Une seule loi conduit l’écriture : la réalisation d’un impossible. *
Paul Bélanger
Paul Bélanger :
Je n’ai guère changé depuis le temps.
Un livre ne commence jamais, il est manifeste de la continuité d’une volonté de marcher dans le monde ; et pas davantage n’est-il le prolongement de l’écriture, qui poursuit d’autres fins que le texte. Il n’est pas le résultat d’une démarche mais le prolongement d’un mouvement de fond, invisible, où la liberté seule conduit la volonté par l’exercice réitéré, jour après jour, d’un engagement dans l’écriture. C’est une attention au chaos perpétuel, au bruit centripète des voix qui sont là dans l’ombre tapies, en attente davantage qu’en repli. Et cet effort consenti, je m’en délie quelque peu et le donne comme un trajet, l’itinéraire d’un voyage engagé vers son destin.
Je suis le fil de cette liberté jusqu’à me perdre, je cherche à exacerber le vide bruyant de ma conscience de ne pas écrire, ou d’être sans écriture. Le lieu s’ouvre à lui-même dans sa quête et son désoeuvrement.
Au commencement, il n’y a pas de livre, pas l’ombre d’une page. Il y a un homme et son chaos, qu’il porte au dehors pour le voir dans le regard de l’autre. Il n’y a même pas d’écriture, seulement le flottement d’une sensation, d’une pensée suspendue, passage d’une lecture ou d’une idée. Au commencement, je n’avais rien à écrire mais il fallait que ça dure : échouer mieux. »
Paul Bélanger ajoute :
Le danger de se perdre est permanent, et sans cette perte ce sentiment de se perdre dans des choses, aucune avance n’est possible. Ce risque, le poète le prend chaque fois qu’il ouvre l’espace.

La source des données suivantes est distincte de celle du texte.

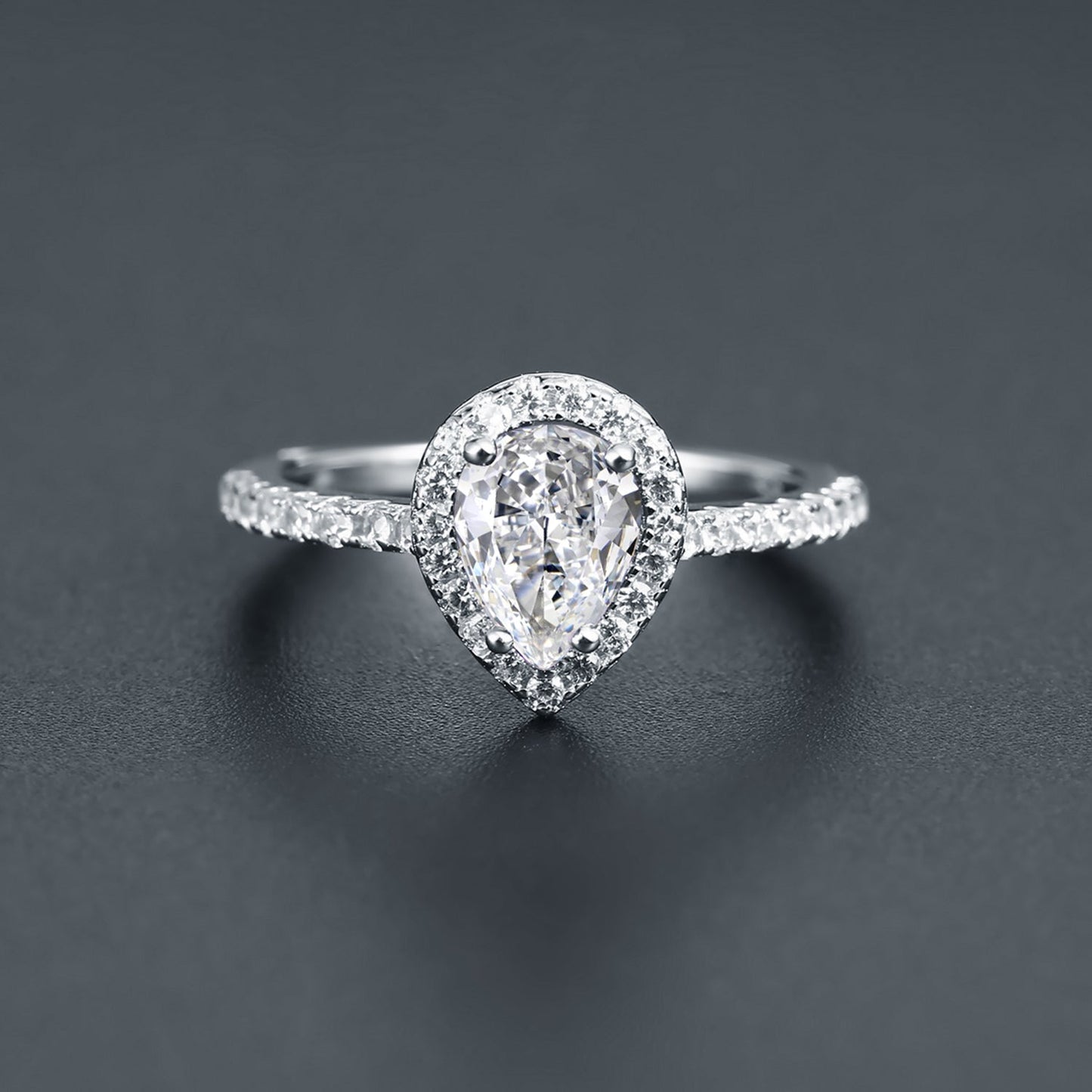 This 9ct white gold engagement ring features a beautifully cut pear-shaped moissanite surrounded by a dazzling halo.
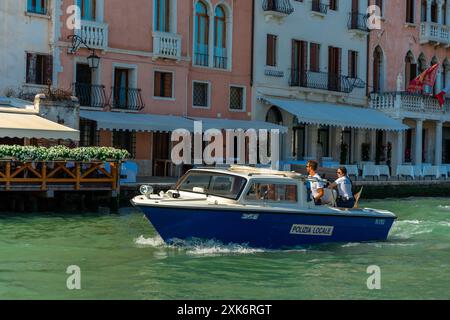 Venedig, Italien - 4. Juni 2024: Polizeiboot am Kanal von Venedig. Offiziere sitzen am Rand des Bootes. Sonniger Tag im Sommer. Stockfoto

Je suis le fil qui conduit à mon absence comme si je marchais à l’apparition d’une voix. Que cette blessure trouve une biographie. Le vent pourrait tout emporter dans un seul passage, tant je suis pris par cette chute. Comme on dirait : tomber dans son œuvre. Impossible, d’autant, de vivre sans tout embrasser du présent. La parole ne vient pas à moins. J’affronte cette démesure monstrueuse avec ma solitude. Ce carré minuscule, tout à la fois fenêtre, porte, cadre – qui retient de la destruction.
Comme en une promenade dans un monde obscur, chaque pas s’accomplit à l’aveugle. Écrire est une plongée dans le noir. Tout se présente d’une façon incompréhensible, où l’on est dans une solitude absolue –comme avec sa mort. Rien ne s’arrache aux faits sans qu’on risque de se tromper, ou d’oublier. Qu’espère une telle vie, quelle curieuse alchimie nous lie au monde. À chaque moment, deux vies se côtoient, qui vont leur propre épopée. Nous traversons un espace limité, le centre, c’est nous, c’est là où l’on se trouve.
L’écriture m’aura appris que de tous les revers de l’expression, le créateur peut garder la tête haute par le risque qu’il entreprend. Il est dans sa noblesse, dans sa disparition – en route vers son oubli. Par l’écriture je me suis désappris et j’ai laissé l’imposteur au vestiaire, me donnant à ce métier, sans pour autant savoir ramer vers mon savoir.
Je poursuis cette attente.
Paul Bélanger
de Paul Bélanger: Je vois au loin.. et Une heure seul
Nous remercions Paul Bélanger de nous avoir confié ces deux poèmes extraits de Répit (2009) ainsi qu’un extrait des carnets *Le plus qu’incertain (2017), et les Éditions du Noroît de nous avoir aimablement autorisés à les reproduire dans la série des « Poètes du Québec – Voix du Nouveau Monde ».
Photographie: Normand Poiré
Illustrations de la video: gao xingjian: L’attente (2004); Jean Dubuffet: Le voyageur égaré (1950)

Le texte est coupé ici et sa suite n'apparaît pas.